▶ [DATA]:
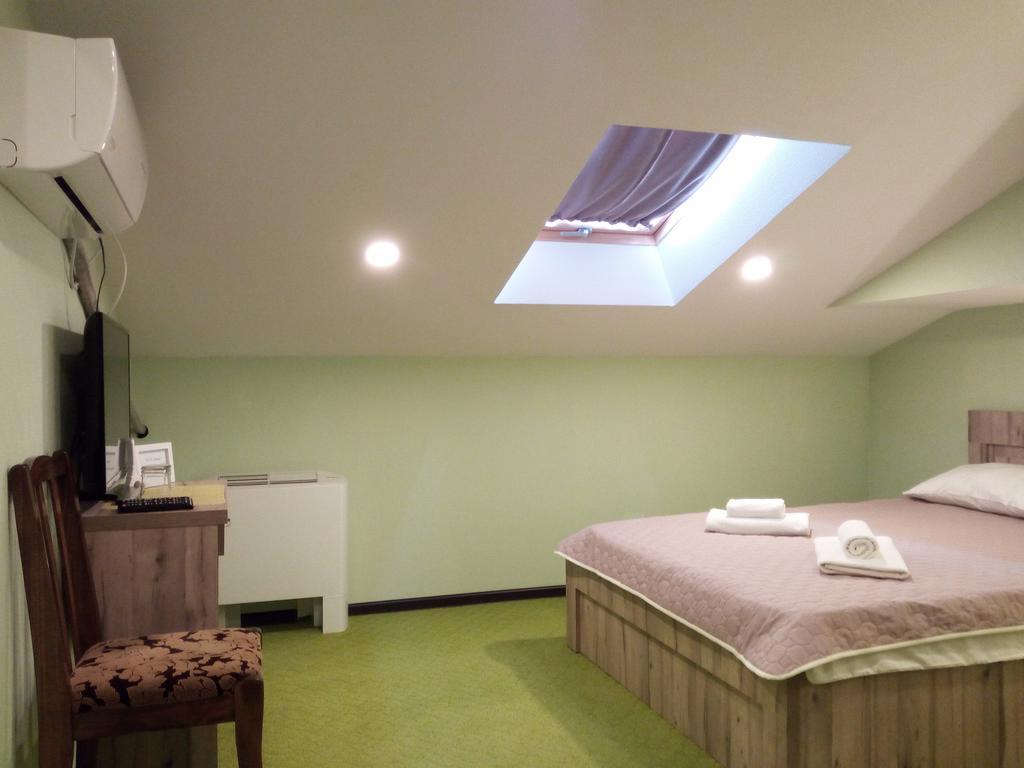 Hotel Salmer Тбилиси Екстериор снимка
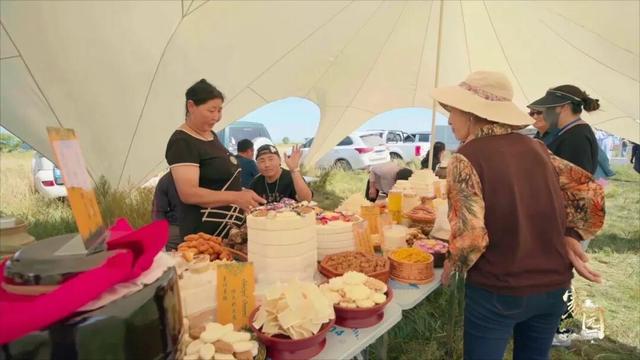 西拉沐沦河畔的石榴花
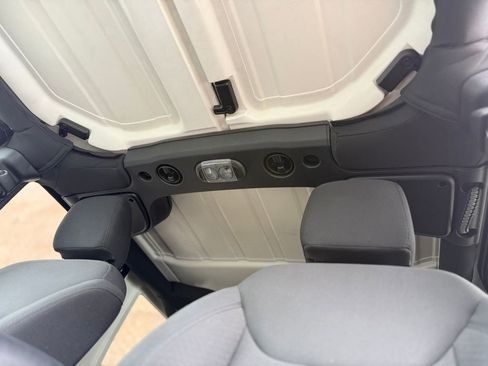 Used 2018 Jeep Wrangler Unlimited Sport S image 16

* * *

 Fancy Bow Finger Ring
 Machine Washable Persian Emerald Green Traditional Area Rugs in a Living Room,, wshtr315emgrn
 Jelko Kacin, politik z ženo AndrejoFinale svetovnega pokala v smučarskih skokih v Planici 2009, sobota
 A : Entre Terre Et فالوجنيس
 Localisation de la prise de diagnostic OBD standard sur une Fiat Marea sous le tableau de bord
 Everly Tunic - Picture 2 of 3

--

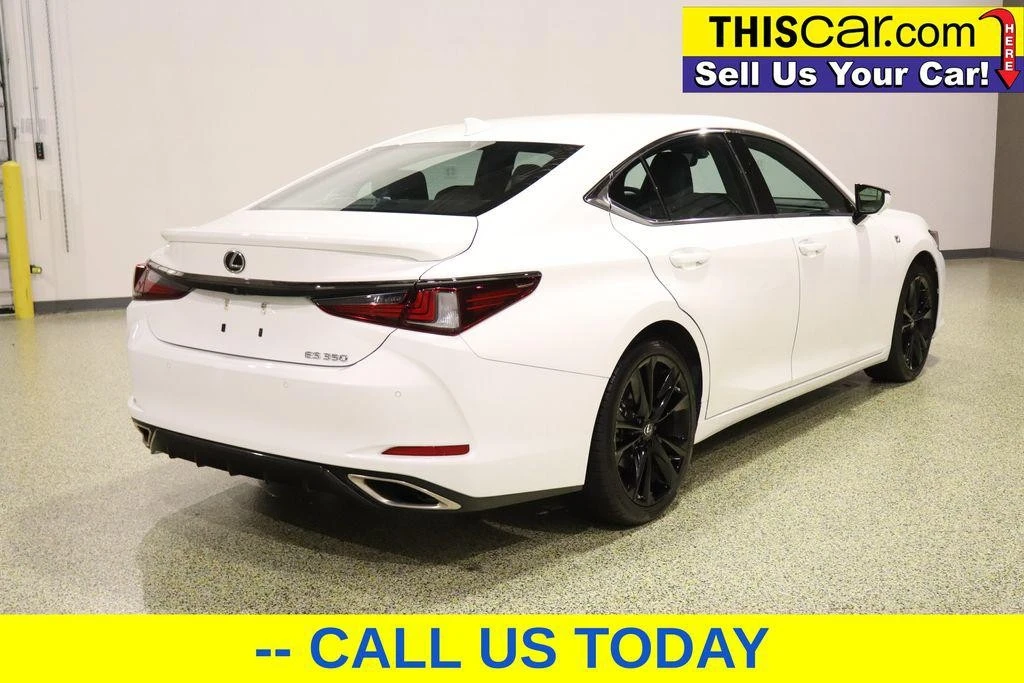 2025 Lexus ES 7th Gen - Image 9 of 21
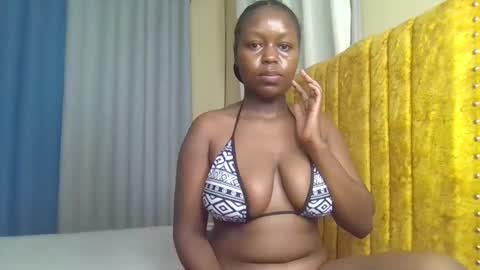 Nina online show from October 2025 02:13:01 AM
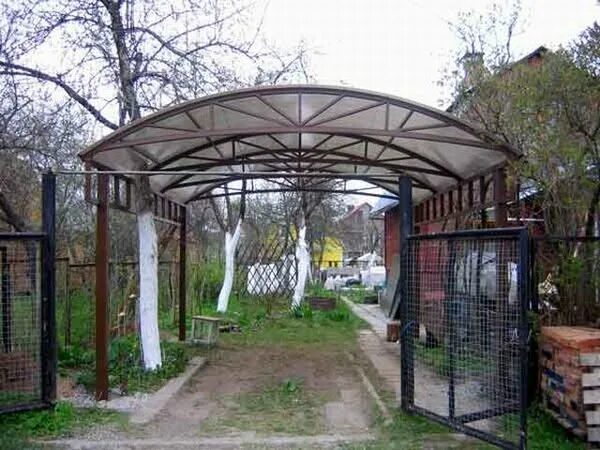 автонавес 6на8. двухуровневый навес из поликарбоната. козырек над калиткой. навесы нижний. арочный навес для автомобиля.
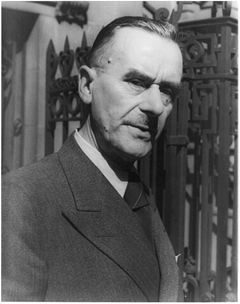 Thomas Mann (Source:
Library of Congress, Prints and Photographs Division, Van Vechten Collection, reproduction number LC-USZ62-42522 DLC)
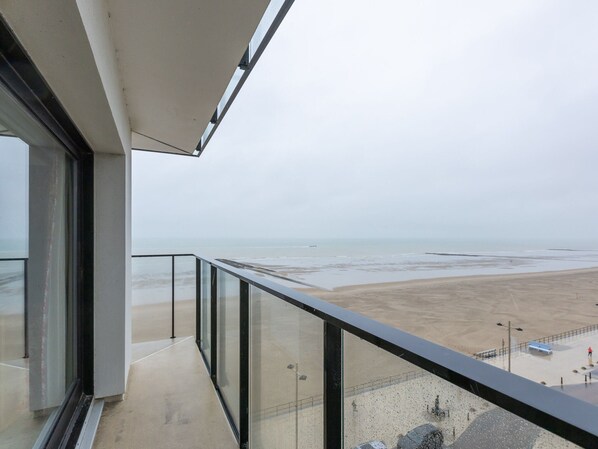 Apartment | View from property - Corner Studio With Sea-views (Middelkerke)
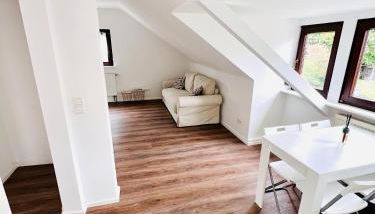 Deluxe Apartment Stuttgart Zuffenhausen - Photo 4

▶ [YOUR TASK]:
Would you give again, exactly, the lines in the data above that run from the line containing "Hotel Salmer Тбилиси Екстериор снимка" to the line containing "Used 2018 Jeep"? Include both ends and no pictures.

▶ [RESULT]:
 Hotel Salmer Тбилиси Екстериор снимка
 西拉沐沦河畔的石榴花
 Used 2018 Jeep Wrangler Unlimited Sport S image 16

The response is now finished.